In percentage terms, then, humanity's ancestors were about 67% female and 33% male.
[snip ... illustration ... if a man marries two women, and has a child by each, the combined ancestry of those two children is one male, two women: 33% to 67%) ... end of snip]
Most people are surprised to hear that humankind today had twice as many female ancestors as male ones, because they thought it would be closer to 50:50. When experts hear about this, they are surprised too, but for the opposite reason: They thought the imbalance would be even more severe. That is, they thought it would be maybe 75% to 85% female. Probably it was more severe through much of history, and especially prehistory. In many animal species, close to 90% of the females but only 20% of the males reproduce. The way the human population has ballooned in recent centuries means that most people who ever lived are either alive today or were alive recently, and in modern times the rule of monogamy has spread over large parts of the globe. In past eras, when polygamy (one husband, multiple wives) was the norm, the reproductive imbalance would have been even more severe, Hence whatever conclusions we draw about the differences between mend and women based on the two-to-one ancestor difference are probably understatements. If we had done this research even just a few centuries ago, the ratio might have been three female ancestors to every male one, or four to one.

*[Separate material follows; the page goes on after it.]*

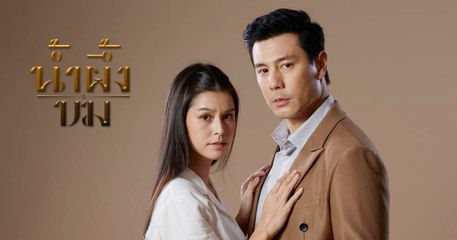 น้ำผึ้งขม ตอนที่ 19 EP.19 วันที่ 27 พฤศจิกายน 2568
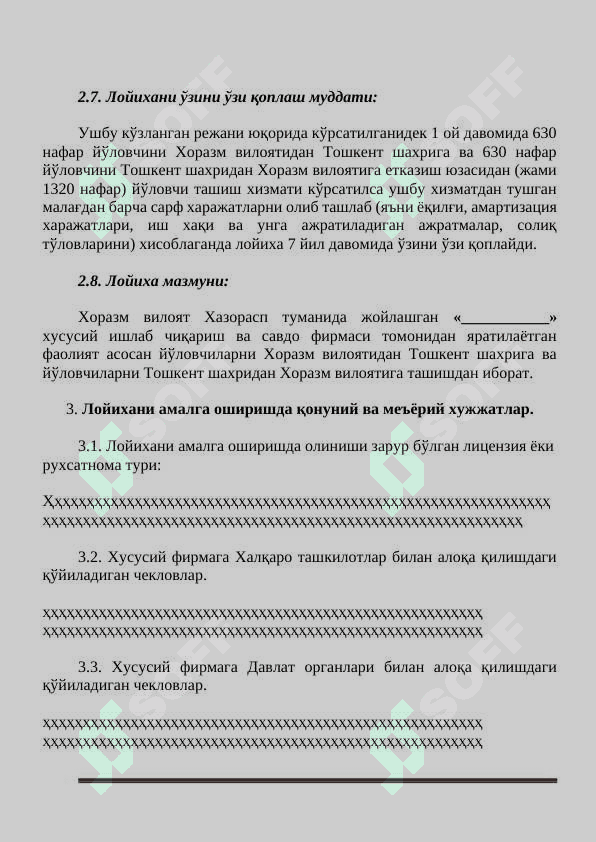 ЙЎЛОВЧИЛАРНИ ТАШИШ фаолиятини йўлга қўйиш бизнес режа 6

What does it mean that we are descended from twice as many women as men? It can be explained like this. Of all the people who ever reached adulthood, maybe 80% of the women but only 40% of the men reproduced. Or perhaps the numbers were 60% versus 30%. But one way or another, a woman's odds of having a line of descendants down to the present day were double those of a man.
Also, crucially, the majority outcome is different -- The most common outcome of normal life. Most women who ever lived to adulthood probably had at least one baby and in fact have a descendant alive today. Most men did not.

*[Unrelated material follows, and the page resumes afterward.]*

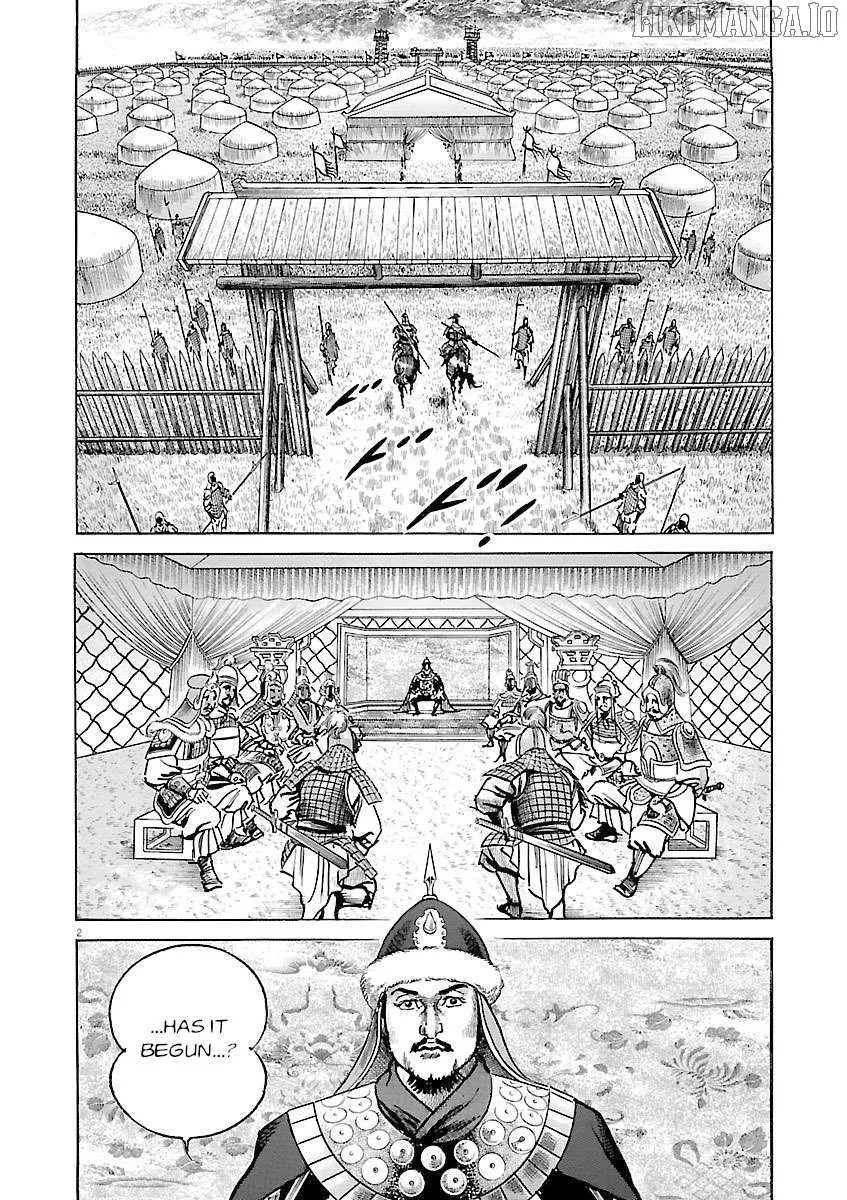 Read Lord  Manga chapter 51 image 1 on Lezhin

[bolded emphasis mine, italicized emphasis in the original.]
It is the ratio that matters, 2:1, so 40% versus 80%, or 45% versus 90%, is all the same. The argument being made is simple: Men must compete much harder for a mate than women have ever had to compete, and this is reflected STILL in our psychology, our cultural norms and our individual and collective attitudes. For example, in the US Military, only 7.6% of Marines are women, and 20 of the 336 jobs in the Marines are closed to women. The women could join but do not. Most people still think of battle as a man's job, that men take such risks and women should not. The culture and attitude traces back to the simple biological facts of reproduction, and the disparity of how many children a man can possibly father versus how many children a woman can possibly bear.
The upshot is that men must nearly always compete with each other to find sex, and to reproduce. While women, nearly always, do not have to compete with either men or women to find sex and reproduce. In a modern free society, nearly all women could have sex for free whenever they wish with any of several partners, and reproduce whenever they wish. But only a very tiny percentage of men could do the same: Other than a few glib exceptions, such men are entertainment or sports celebrities, the wealthy or powerful: In short, those that seem to have "won" the social competition to become the elites of society.

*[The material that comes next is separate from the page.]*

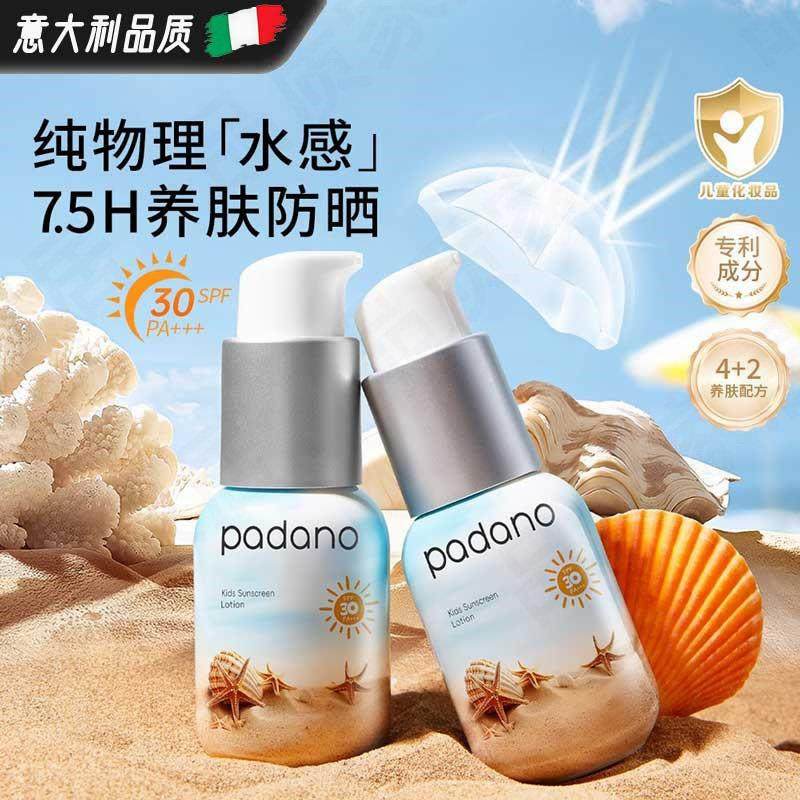 意大利儿童防晒霜宝宝幼婴儿专用抗UV小孩男女童纯物理防晒乳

Men pay for first dates, and most dates, because they are (subconsciously perhaps) competing for their date's attention against other possible suitors (whether they truly exist or not). When other men are present in a group that contains women, men may compete to pay the tab or bill check to subconsciously prove they are the better-off of the men, the most generous, the one with the most resources to ostentatiously expend (even if they are not). Men tip well, more often, and more money, likely for the same reason: To impress.
The idea that (nearly always) men must compete to reproduce and women do not have to, is backed by Baumeister (and others) in scientific studies, by anthropology, by genetics and by history, which all support common sense observations.